Un jour je vis passer dans la rue une femme qui n'avait
pas l'air de me voir, et continuai ma route ; mais comme je me
retournais pour la regarder, elle me dit bonjour et me tendit un
papier sur lequel elle avait écrit quelque chose : c'était un
résumé de l'histoire de sa vie ; il lui semblait, disait-elle,
être morte depuis longtemps tant elle avait été peu
de chose et avait peu fait. - Morte, elle l'était peut-être, mais je
n'en voyais pas moins son immortalité briller du plus vif éclat car à
ses épaules ployées par l'âge il ne manquait que des ailes. Elle avait
lutté humblement, et en la considérant de plus près, je crus
apercevoir sur son front une couronne sur laquelle était écrit le
mot : Israël.
Un dernier mot avant de conclure. Qui de nous
n'ambitionne une transfiguration intérieure de cette sorte ? Il
faut pour cela une ferme résolution, un but précis, une persévérance à
toute épreuve. Un pareil résultat implique dans la plupart des cas une
lutte de Jacob livrée dans la solitude.
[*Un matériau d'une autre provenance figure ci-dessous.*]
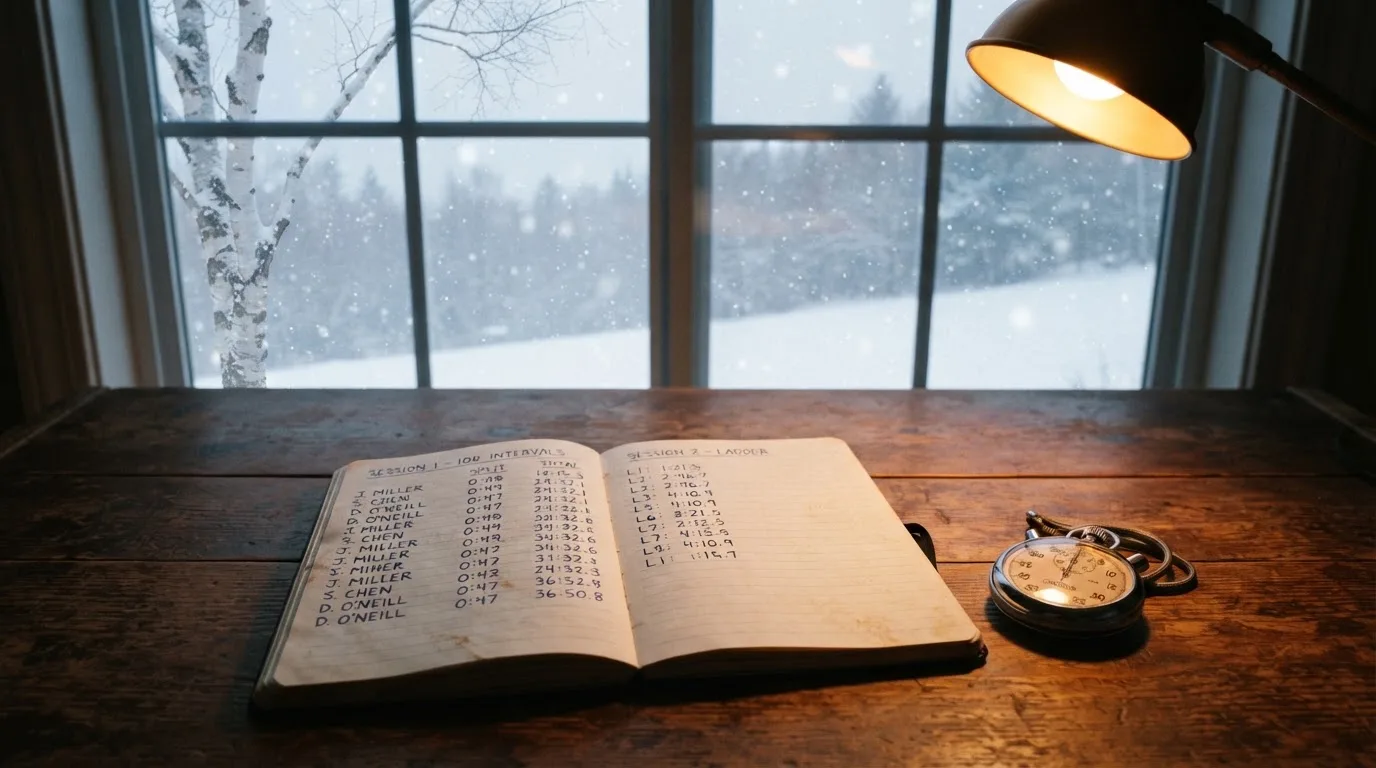 Ein Notizbuch mit handschriftlichen Zeiten liegt neben einer Stoppuhr auf einem Holztisch, draußen vor dem Fenster fällt Schnee.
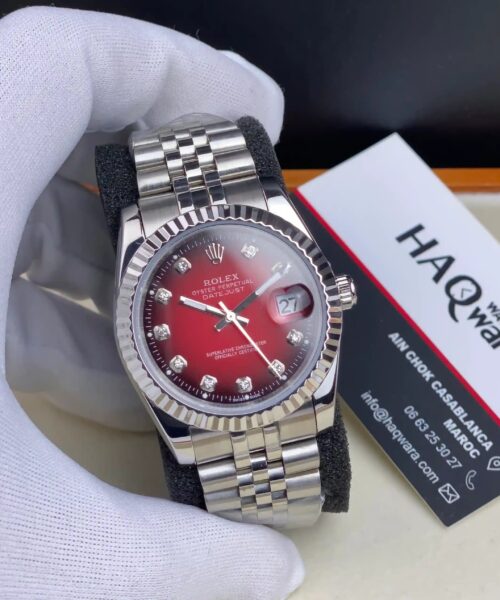 Rolex Date Just Argenté Rouge Femmes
La nuit paraîtra à coup sûr
bien longue, mais au milieu de cette étreinte l'aube du jour se lèvera
plus tôt que nous ne le pensons, et il se trouvera qu'en définitive
nous aurons conquis une bénédiction, reçu le nom d'Israël « plus
fort que Dieu » et appris par cette expérience que sans lutte il
n'y a pas de bénédiction possible ici-bas.